Although the design of the service is argued as fundamental to support the reported behavioral changes, the social and technological context in which the service was introduced must also be acknowledged. The UbiGo service was, as already mentioned, based on existing transport services and infrastructures, and thus potential customers were those deemed to have sufficient access to the existing services and infrastructures. Although the UbiGo service ‘only’ repackaged already available services, the process utilized: (1) the dissemination of new mobile technology, i.e. smartphones, even though access differs across age groups; and (2) shifting consumer attitudes and behaviors towards sharing and servicing with less emphasis on personal ownership (Hamari et al. 2016).

Just as there is currently no definitive version of ‘MaaS’, there also does not exist any ‘one size fits all’ MaaS for all contexts. Noting that MaaS is largely an organizational approach, any MaaS service needs to be tailored to the local geography, culture, and stakeholder ecosystem, as well as personalized to the individual/household. The tailoring of the service should also be coupled with a cost-effectiveness analysis for the case at hand.

Final thoughts

The case of UbiGo illustrates the potential for an, overall, ‘virtuous cycle’ between the service and its impact (e.g. behavioral change, sustainability). The need-based approach for the entire household and design elements such as the ‘transportation smorgasbord’, simplicity, improved access and flexibility, economy, and trialability (Sochor et al. 2016) facilitated the use of the service in a personalized way. It met participants’ mobility needs (almost; see below) by offering a full range of choices in a flexible manner. The pricing structure encouraged mode choice for each trip and reduced lock-in effects, and the app design made the choices apparent, which enabled the customer to freely choose and experiment within their adaptable, personalized subscription. This led to both anticipated and unanticipated behavioral changes, which meant that participants both gained insight into that they did not previously fully understand their needs and preconditions, and re-evaluated their choices, options, and perceptions of convenience. And in the end, users generally shifted to more sustainable transport choices.
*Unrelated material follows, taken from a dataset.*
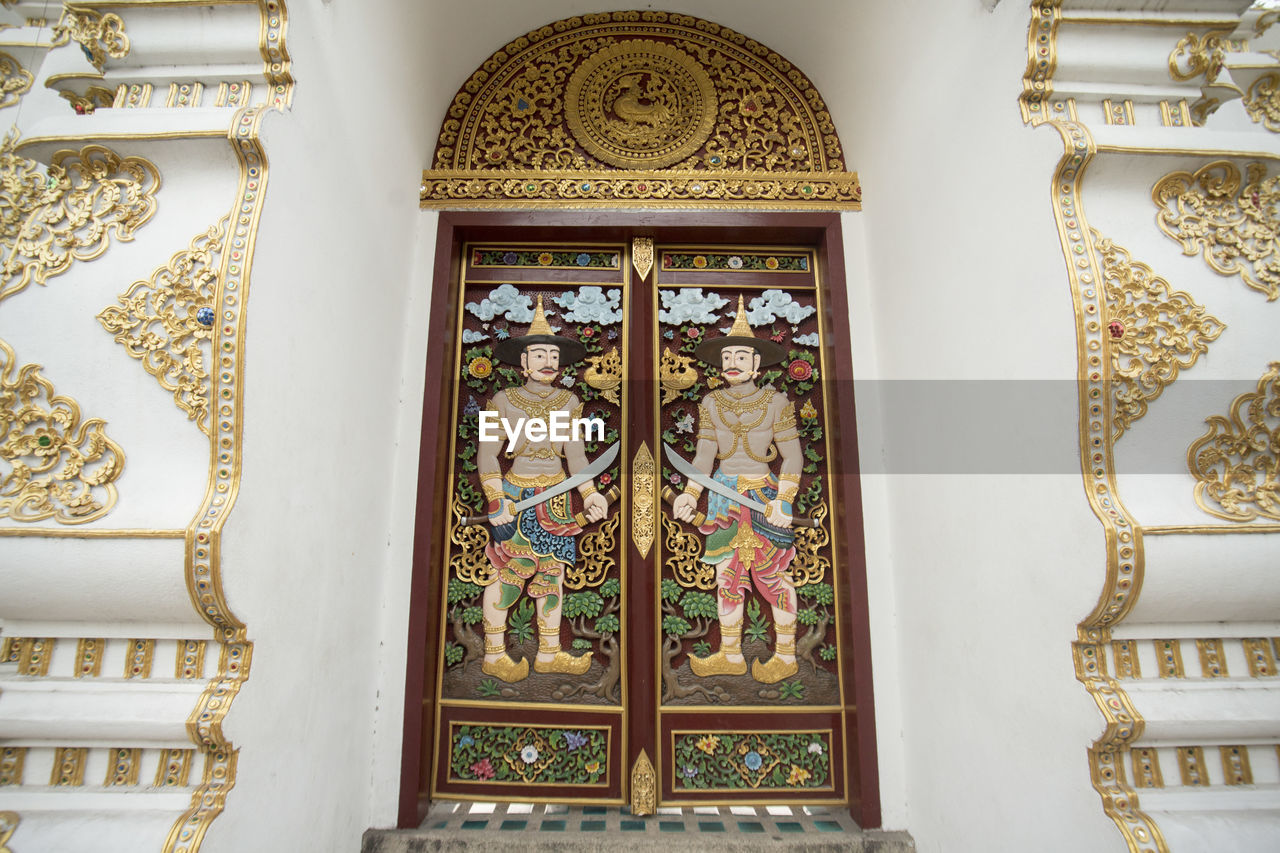 Artwork on door of wat chedi luang temple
Overall, the results from the trial demonstrate the potential and relevance of new and innovative measures such as ‘Mobility as a Service’ solutions. Although it does not yet exist, the larger vision is to achieve MaaS level 4 in which local policies are integrated into the service, whereby MaaS becomes more strongly connected to city governance and planning (Sochor et al. 2017). In the end, fundamentally new, different and targeted transport service offers are needed, based on a more holistic approach and the notion of a co-operative and interconnected transport system (including services, infrastructure, information, payment, etc.), where boundaries between not only transport modes are blurred but also between public and private actors.